Stockholm, Sweden:
Swedish prosecutors mentioned Thursday they no longer suspected a lady of holding her son captive in their apartment for decades, saying he had not been held against his will.
Police had arrested the 70-year-old mother earlier this week, initially saying the 41-year-old man had been “locked up for a very long time” in their apartment in a southern Stockholm suburb.
Media reports quoted the man’s sister, who hadn’t noticed her brother in 20 years, as saying that the mother had pulled her son out of college when he was 12 and isolated him from the outdoors globe for 28 years.
The sister explained she had gone to the apartment on Sunday just after finding out the mother had been admitted to hospital.
She identified her brother undernourished with infected sores on his legs, virtually no teeth and laboured speech.
He was taken to hospital exactly where he underwent surgery. Doctors alerted police to the man’s situation.
The mother was initially detained on suspicion of illegal deprivation of liberty and causing grievous bodily harm, but was released on Wednesday.
Prosecutor Emma Olsson told AFP the lady was no longer a suspect, just after the investigation determined that the man had not been physically restrained from leaving the apartment.
“We haven’t found any indications that he has been locked up, tied up or physically prevented from leaving the scene.
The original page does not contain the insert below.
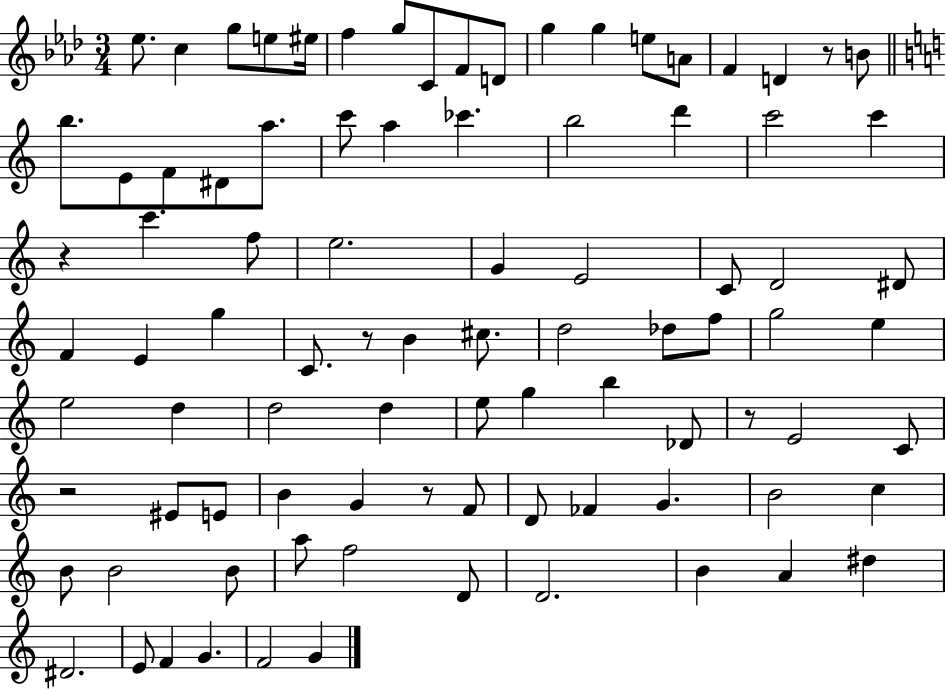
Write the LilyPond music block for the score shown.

There are no indications that there have been locked spaces,” Olsson mentioned.
“The man himself has said that it was up to him if he wanted to leave the apartment,” she added.
“He’s an adult and could go out if he wanted,” she mentioned, adding that witnesses had noticed him outdoors on occasion.
She mentioned a healthcare examination had also shown no indicators of violence.
“He has no injuries that are consistent with violence. The sores are due to illness, sores that have become infected.”
Olsson mentioned social solutions had been investigating the case, in certain the reports about him becoming removed from college at a young age and isolated at dwelling.
Asked if that could be regarded a crime, Olsson mentioned that “in such a case the statute of limitations would have expired long ago.”
“One can question her suitability as a mother, but this is now up to social services to look into,” she mentioned.
“Society now needs to help this man, and this woman too. And make sure that we can prevent this kind of thing from happening again.”